[Try it]: Below are some records. Retype exactly the lines from the one containing "Baju overall Duck Duck" through the one containing "HAYABUSA Combat Zahnschutz (gold/weiss)", both included, skipping every picture.

[Records for the task]:
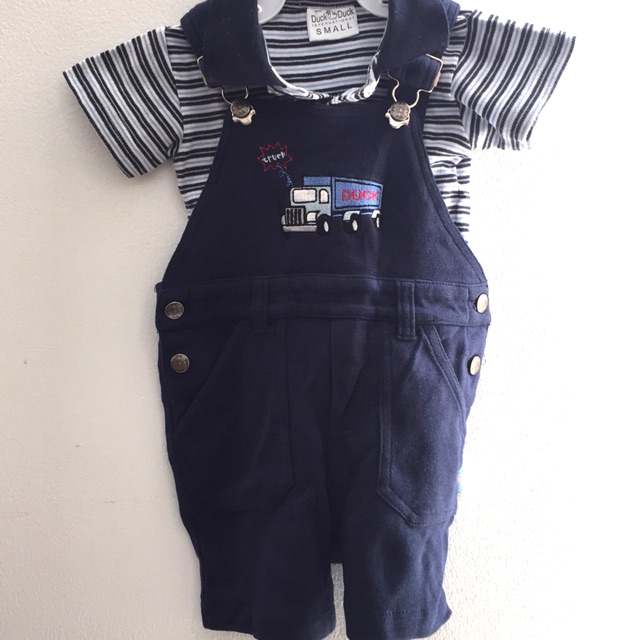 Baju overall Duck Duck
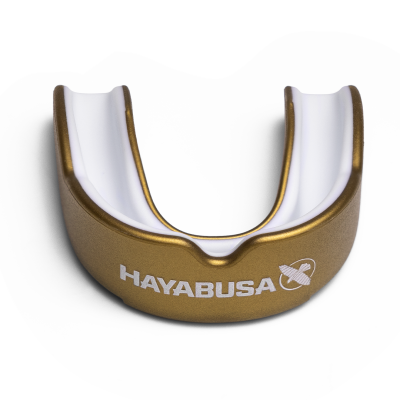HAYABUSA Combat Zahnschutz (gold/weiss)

...

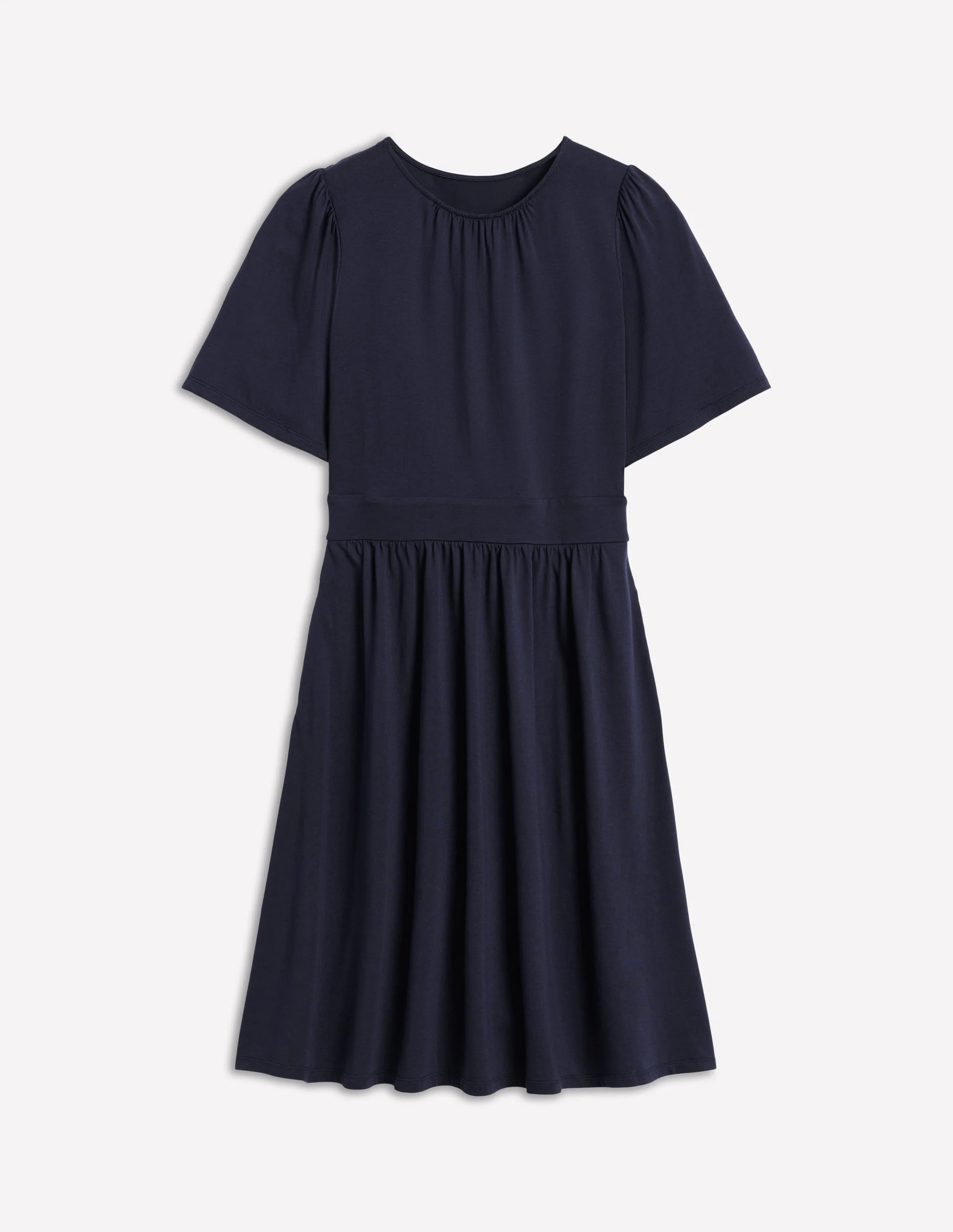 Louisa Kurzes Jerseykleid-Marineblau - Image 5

...

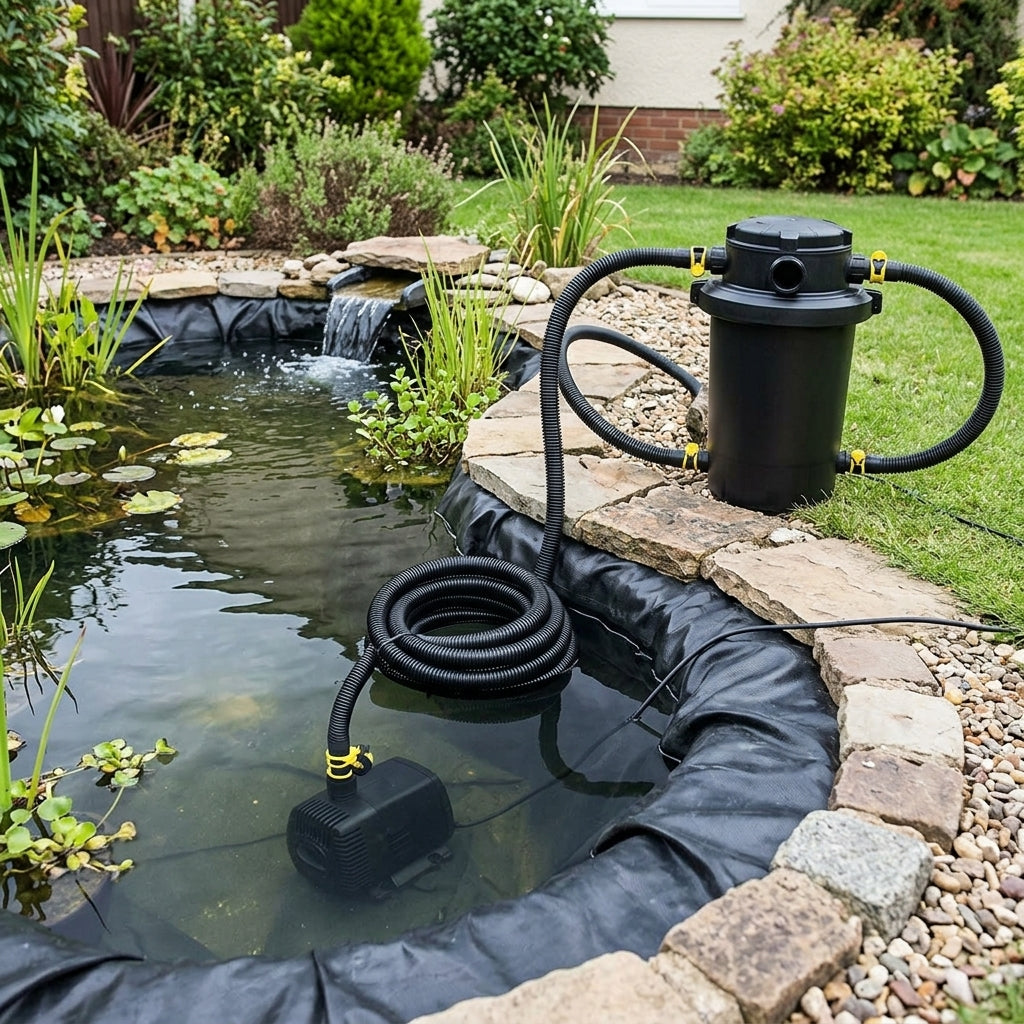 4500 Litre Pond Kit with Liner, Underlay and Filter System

[Written answer]:
 Baju overall Duck Duck
HAYABUSA Combat Zahnschutz (gold/weiss)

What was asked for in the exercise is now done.